Records from a collection –
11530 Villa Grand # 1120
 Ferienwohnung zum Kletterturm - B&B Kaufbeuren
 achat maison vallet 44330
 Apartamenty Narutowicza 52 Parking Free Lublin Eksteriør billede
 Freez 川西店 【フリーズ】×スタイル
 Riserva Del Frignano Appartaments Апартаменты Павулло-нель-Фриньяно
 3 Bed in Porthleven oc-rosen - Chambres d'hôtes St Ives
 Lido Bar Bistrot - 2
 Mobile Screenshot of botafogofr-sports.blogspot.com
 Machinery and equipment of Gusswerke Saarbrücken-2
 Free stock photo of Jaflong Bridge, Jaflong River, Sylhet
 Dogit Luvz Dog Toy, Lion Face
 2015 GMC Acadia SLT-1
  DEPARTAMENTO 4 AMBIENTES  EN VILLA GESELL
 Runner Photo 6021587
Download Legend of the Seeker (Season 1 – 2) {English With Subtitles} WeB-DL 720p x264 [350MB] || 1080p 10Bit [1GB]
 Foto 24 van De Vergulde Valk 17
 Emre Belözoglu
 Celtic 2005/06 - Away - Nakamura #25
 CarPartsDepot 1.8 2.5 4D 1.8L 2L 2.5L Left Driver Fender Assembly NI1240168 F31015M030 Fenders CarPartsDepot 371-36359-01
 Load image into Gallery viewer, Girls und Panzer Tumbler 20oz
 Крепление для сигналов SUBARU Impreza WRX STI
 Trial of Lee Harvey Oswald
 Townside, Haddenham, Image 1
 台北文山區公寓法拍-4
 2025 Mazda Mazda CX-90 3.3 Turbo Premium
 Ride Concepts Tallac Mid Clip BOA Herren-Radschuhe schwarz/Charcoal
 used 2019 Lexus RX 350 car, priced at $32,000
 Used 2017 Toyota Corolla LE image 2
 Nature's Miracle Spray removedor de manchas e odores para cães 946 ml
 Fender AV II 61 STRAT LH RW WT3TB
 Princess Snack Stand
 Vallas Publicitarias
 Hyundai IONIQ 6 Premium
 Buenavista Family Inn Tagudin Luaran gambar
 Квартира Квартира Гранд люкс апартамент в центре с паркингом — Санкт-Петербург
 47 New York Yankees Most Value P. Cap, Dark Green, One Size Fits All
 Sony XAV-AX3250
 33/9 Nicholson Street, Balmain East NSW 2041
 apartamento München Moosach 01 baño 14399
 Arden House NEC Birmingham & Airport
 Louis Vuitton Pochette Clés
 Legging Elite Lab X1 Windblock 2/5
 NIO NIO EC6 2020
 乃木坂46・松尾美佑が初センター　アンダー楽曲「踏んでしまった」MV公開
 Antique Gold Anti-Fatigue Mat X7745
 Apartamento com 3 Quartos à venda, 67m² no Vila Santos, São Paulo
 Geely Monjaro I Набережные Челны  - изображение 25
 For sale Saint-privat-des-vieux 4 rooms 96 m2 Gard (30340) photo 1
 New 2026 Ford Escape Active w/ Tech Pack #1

About this task –
Print exactly the lines above, between the one holding "Riserva Del Frignano" and the one holding "Ride Concepts Tallac", inclusive, and nothing besides.

Solution for this problem –
 Riserva Del Frignano Appartaments Апартаменты Павулло-нель-Фриньяно
 3 Bed in Porthleven oc-rosen - Chambres d'hôtes St Ives
 Lido Bar Bistrot - 2
 Mobile Screenshot of botafogofr-sports.blogspot.com
 Machinery and equipment of Gusswerke Saarbrücken-2
 Free stock photo of Jaflong Bridge, Jaflong River, Sylhet
 Dogit Luvz Dog Toy, Lion Face
 2015 GMC Acadia SLT-1
  DEPARTAMENTO 4 AMBIENTES  EN VILLA GESELL
 Runner Photo 6021587
Download Legend of the Seeker (Season 1 – 2) {English With Subtitles} WeB-DL 720p x264 [350MB] || 1080p 10Bit [1GB]
 Foto 24 van De Vergulde Valk 17
 Emre Belözoglu
 Celtic 2005/06 - Away - Nakamura #25
 CarPartsDepot 1.8 2.5 4D 1.8L 2L 2.5L Left Driver Fender Assembly NI1240168 F31015M030 Fenders CarPartsDepot 371-36359-01
 Load image into Gallery viewer, Girls und Panzer Tumbler 20oz
 Крепление для сигналов SUBARU Impreza WRX STI
 Trial of Lee Harvey Oswald
 Townside, Haddenham, Image 1
 台北文山區公寓法拍-4
 2025 Mazda Mazda CX-90 3.3 Turbo Premium
 Ride Concepts Tallac Mid Clip BOA Herren-Radschuhe schwarz/Charcoal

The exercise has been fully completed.